__What is expected__
Leaving the pictures aside, write out the whole listing below exactly.

__Recorded information__

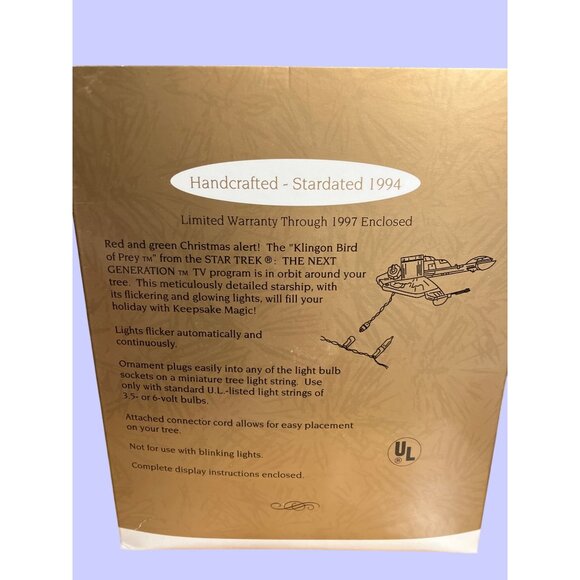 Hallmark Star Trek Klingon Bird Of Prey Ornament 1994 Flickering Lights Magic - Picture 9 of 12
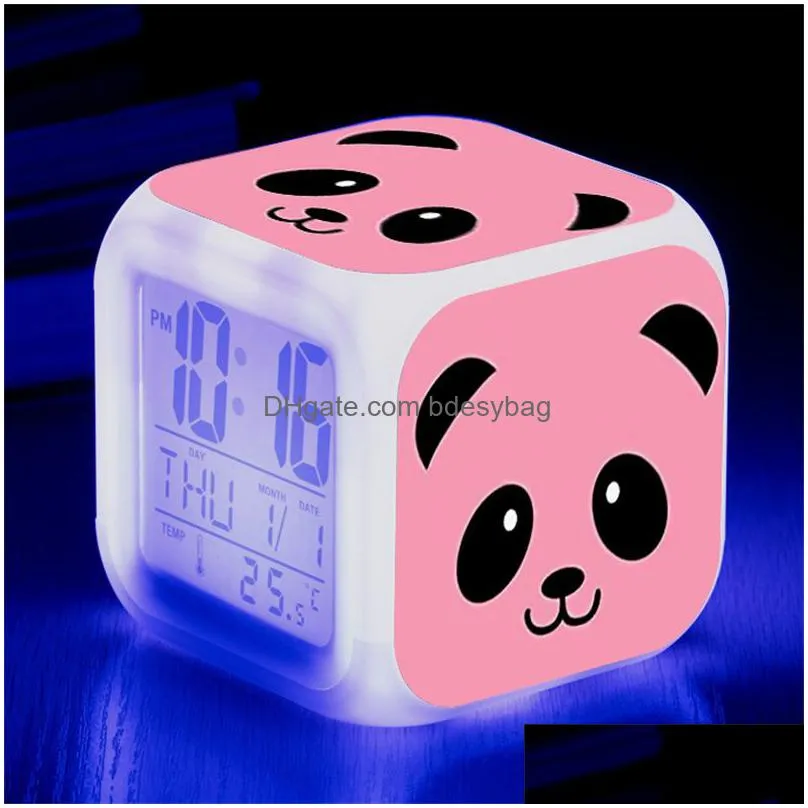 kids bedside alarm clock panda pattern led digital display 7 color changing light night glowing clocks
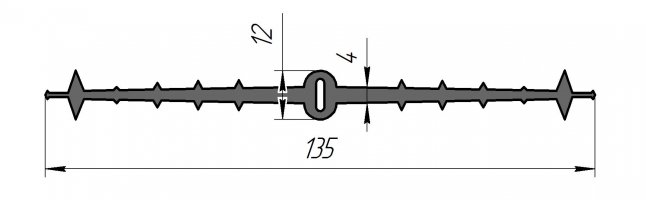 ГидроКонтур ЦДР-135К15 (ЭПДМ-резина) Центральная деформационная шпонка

__Output__
 Hallmark Star Trek Klingon Bird Of Prey Ornament 1994 Flickering Lights Magic - Picture 9 of 12
 kids bedside alarm clock panda pattern led digital display 7 color changing light night glowing clocks
 ГидроКонтур ЦДР-135К15 (ЭПДМ-резина) Центральная деформационная шпонка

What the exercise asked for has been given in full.